--- Data excerpt Enclosed Below ---

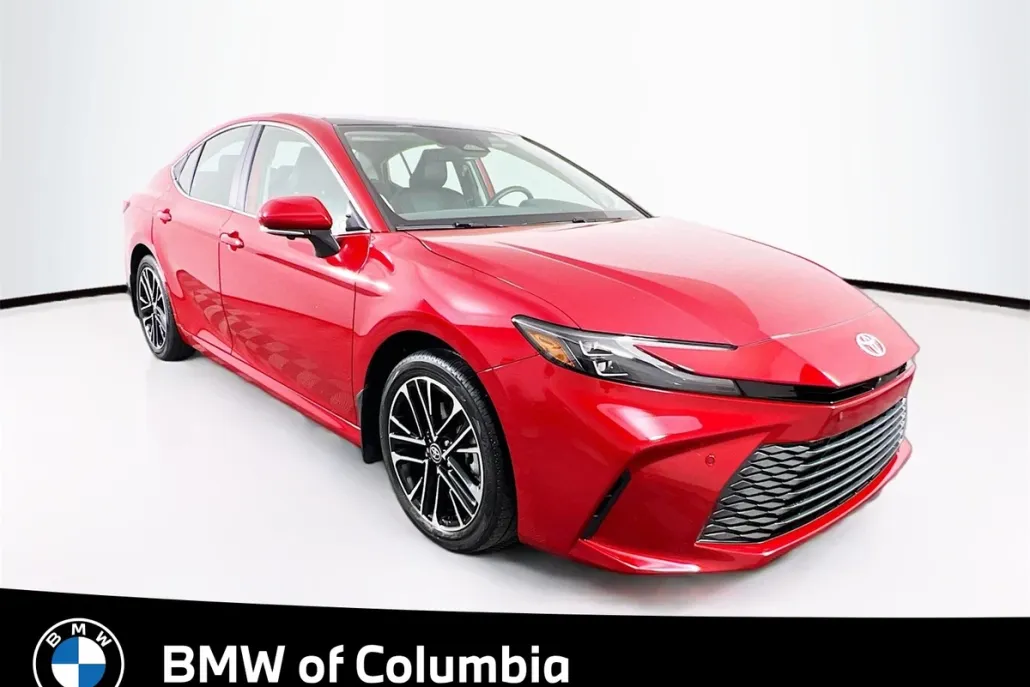 2025 Toyota Camry XLE photo 1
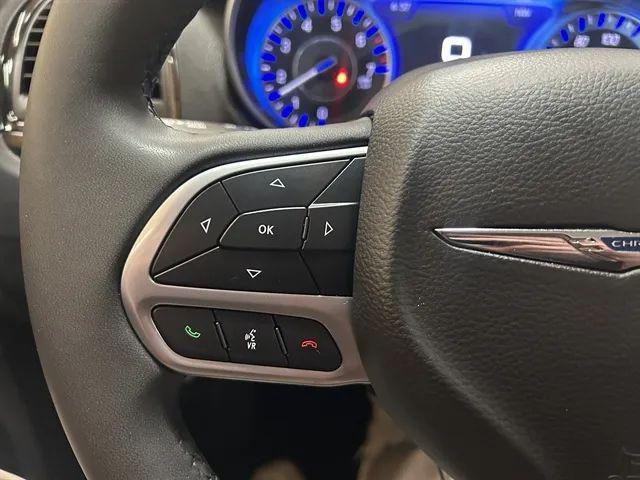 2023 Chrysler 300 Touring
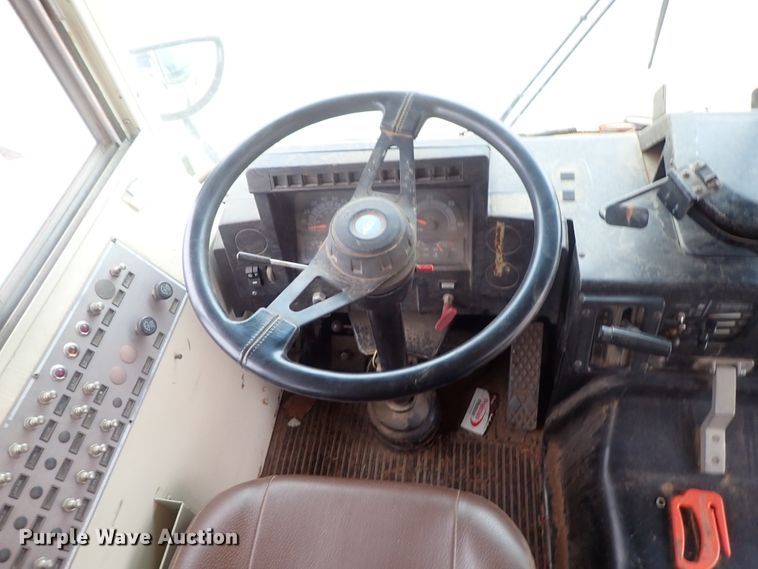 image for item GF9713 1997 Blue Bird TC2000 school bus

--- End of Enclosed Data excerpt ---

:: Aim of the exercise ::
Give back the material word for word, leaving out its pictures.

:: Reply to the task ::
 2025 Toyota Camry XLE photo 1
 2023 Chrysler 300 Touring
 image for item GF9713 1997 Blue Bird TC2000 school bus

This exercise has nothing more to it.